物質の純度は、その物質が機能を果たす上で最も重要と考えられる幾つかの方法で測定されます。ココでは、有機化合物の純度測定方法を中心にまとめてみました。


融点:melting point

物質が固体有機化合物の場合は、融点は簡単に純度を知る方法として用いられています。直径1 mm程度のガラス管に少量の有機物を入れ、そのガラス管を硫酸やシリコン油などの液体に浸して温度をゆっくりと上げていき、有機物が融解または分解する温度と融解・分解が始まってから終わるまでの温度幅を測定して純度を知る方法です。高純度であれば、特定の温度域で融解しますが、純度が低いと本来の融点より低い温度から融解が始まり、融けはじめから融け終わるまでの温度幅が広くなります。高純度品との比較が容易で純度を判断しやすい融点は多くの試薬や化成品の製品規格に取り入れられています。


薄層クロマトグラフ:thin layer chromatograph(TLC)(図1)

ガラス板やアルミシートなどにシリカゲル粉末やアルミナ粉末を塗布した基板が使用されます。基板の下の部位に分析したいサンプル溶液をスポットしたあと、適当な有機溶媒や酸や水などを含む混合有機溶媒(展開溶媒)に基板の下端部分を浸し、毛細管現象で溶媒が上昇する間にサンプルに含まれる化合物と不純物が分かれてきます(展開工程)。それを発色剤で目視できるようにした後、不純物スポットの有無と量を目視または画像で評価するものです。純度が高ければスポットは1個になります。TLCは反応の状態を確認するためにも頻度よく使用される分析方法で、原料の減少・消失状態と目的生成物の増加度合、副反応物の生成量などを観察し、反応の進行状況を評価する方法として用いられます。TLCでは不純物のスポットが観察されなければ純度が高いと考えられますが、無機物や検出されにくい成分が混入してくる場合があり、それらの成分が存在するかどうかを別の方法で分析する必要があります。
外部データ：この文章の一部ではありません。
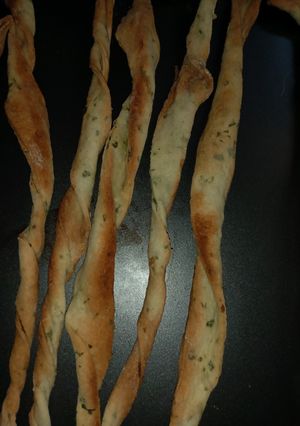 Una foto de Grissines caseritos. Ajo y perejil!! 😁🙋‍♀️. Crocantes.😋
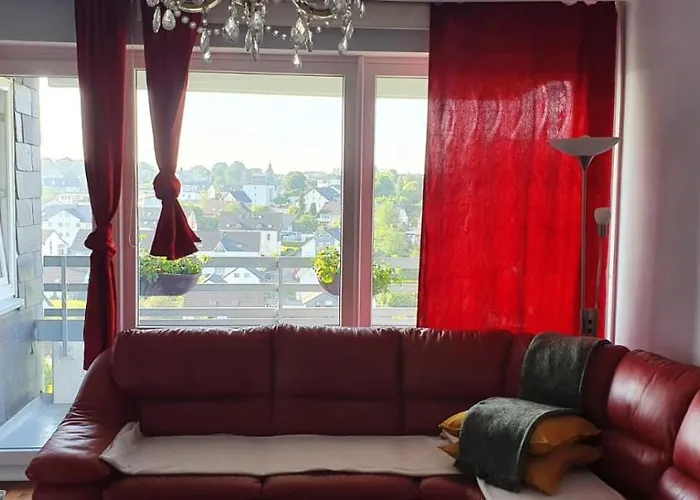 Santana 4-59 Mit Aufzug Und Balkon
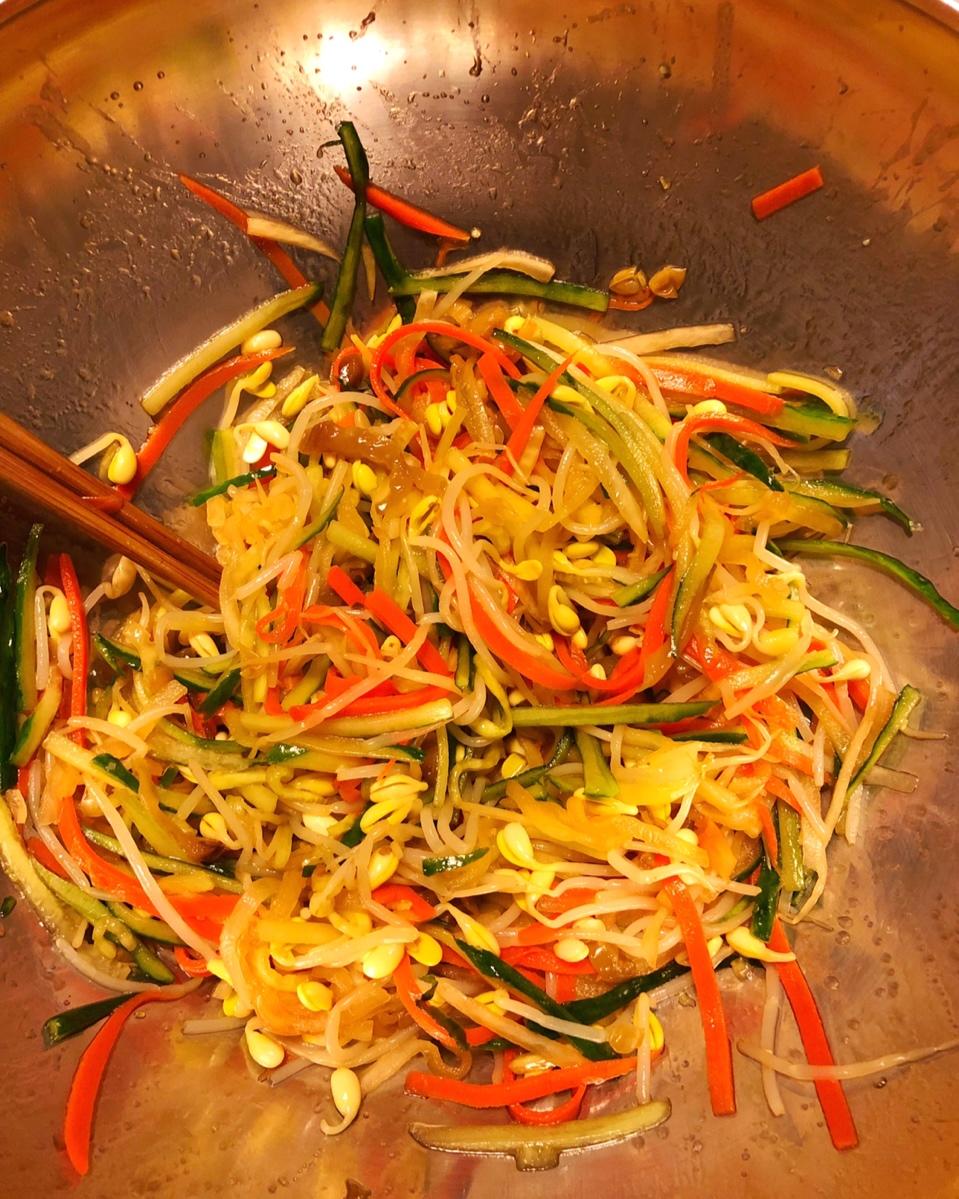 凉拌豆芽黄瓜菜
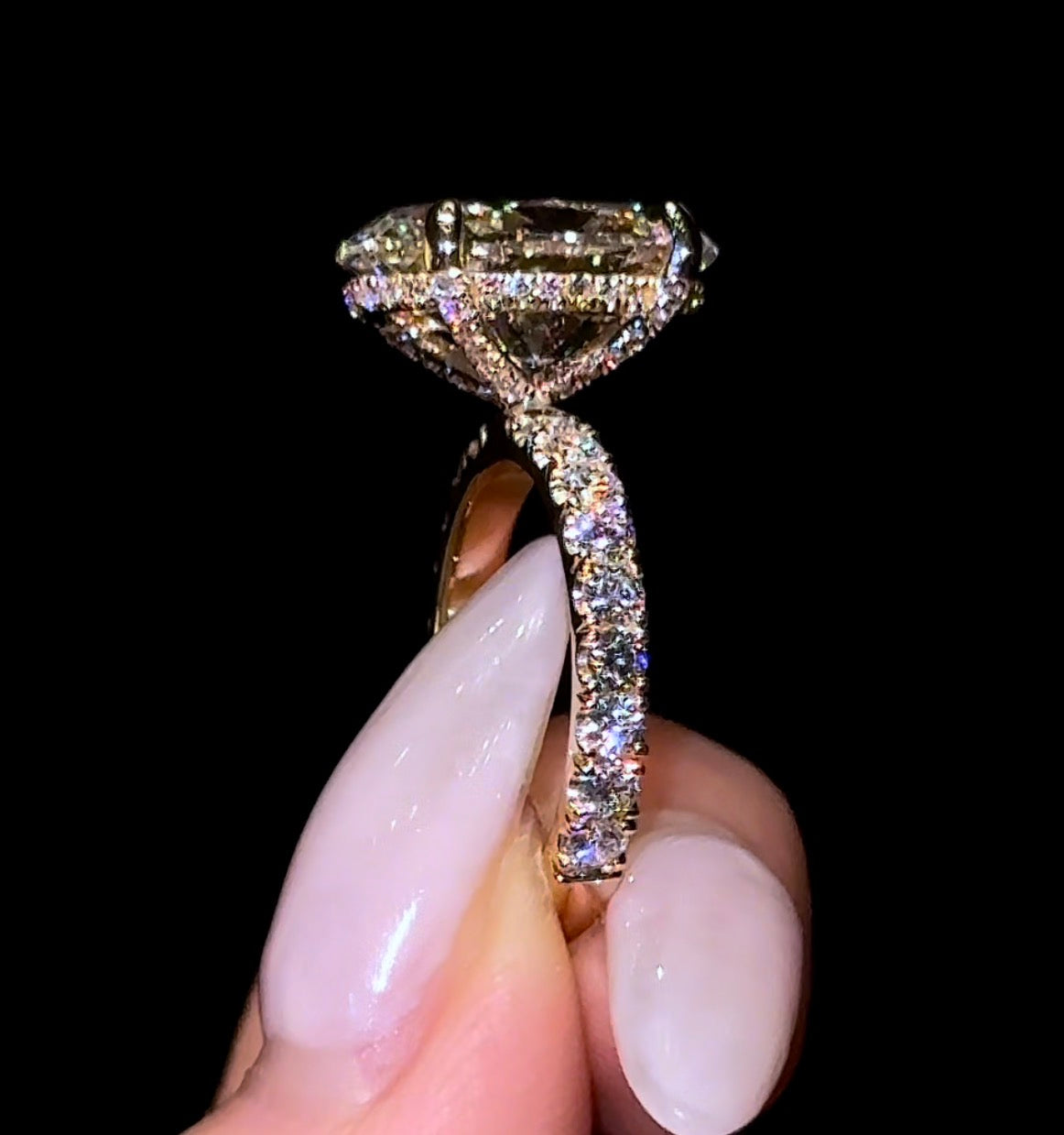 Oval Pavé Everything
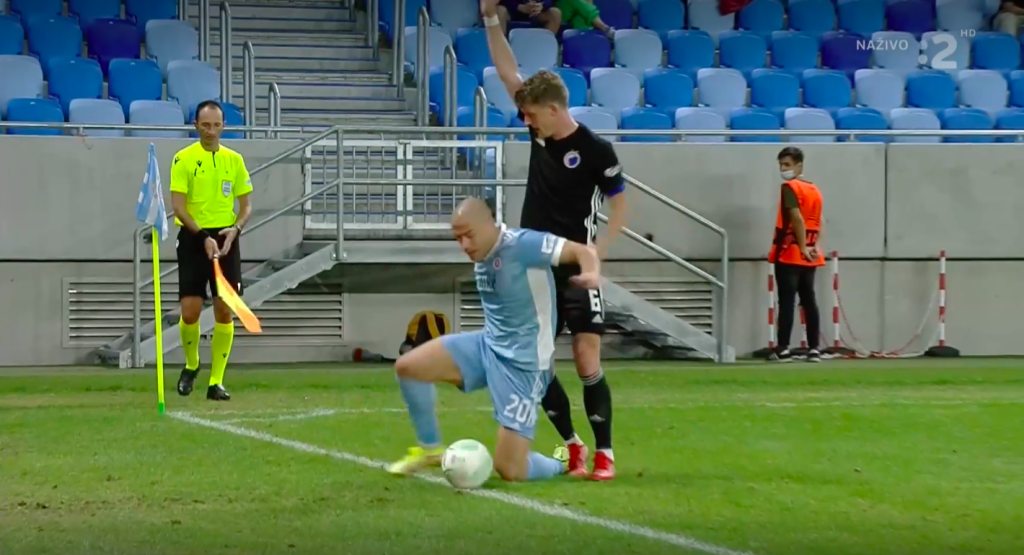 Prvá kontroverzná situácia sa udiala v 18. minúte duelu.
吸光分光器:absorption spectroscopy(図2)

一定の濃度になるように水や有機溶媒などに溶解した化合物溶液を調製し、その溶液の光の吸収度合を測る方法です。紫外領域から近赤外領域までの波長をセルに入った溶液に当てて、どの波長域の光がどれくらい吸収されるかをみて、化合物溶液の濃度から純度換算するものです。図では、特定の波長の吸光度を測定することにより、溶液Bに含まれる化合物の量は溶液A(純度100%の標準物質)を基準にした場合の70%程度なので、純度は70%と数値化できます。従って、水や不溶物、無機物などが化合物に含まれている場合、吸光度に影響を与えることになります。特定の波長でモル吸光係数(特定の化合物溶液が特定の波長の光を吸収する度合をモル濃度で数値化した値)が定まっている化合物の場合には、その数値を使って純度を数値化することができますので標準物質との比較は不要です。その他、特定の波長域に吸収がないことで化合物の純度を管理することにも使用されています。

旋光計:polarimater

アミノ酸や糖などの化合物は鏡像異性体が混在することがあり、d体、ℓ体としてそれら異性体は区別されます。鏡像異性体を持つ化合物の純度は旋光計を使って測定することができます。旋光計には偏光子が付いており、これによって一定の角度のみに絞り込まれた光を使って、その光が化合物溶液を通過する際に含まれる化合物の光学活性度によって生じた光の角度の変化を測ります。その角度が旋光度として表示されます。また、旋光度を測定する際に影響する濃度、温度、溶媒、セル長、光の波長を一定にすれば旋光度の比較ができるようになり、それによって得られる値を比旋光度と呼びます。鏡像異性体構造となる化合物は、旋光度以外はその対の化合物と同じ物性を示すため通常の分析では区別するのが困難です。そのため、光学異性体の一方が機能を発揮する場合においては旋光度を測定することが必要で、さらに片一方が毒性を示す場合はその検出は極めて重要です。なお、鏡像異性体構造を持つ化合物に不斉構造を持つ化合物を付加して誘導体化すると鏡像異性体構造を取らず、それぞれで物性が異なるためTLCや次のHPLCなどの分離による分析が行えるようになります。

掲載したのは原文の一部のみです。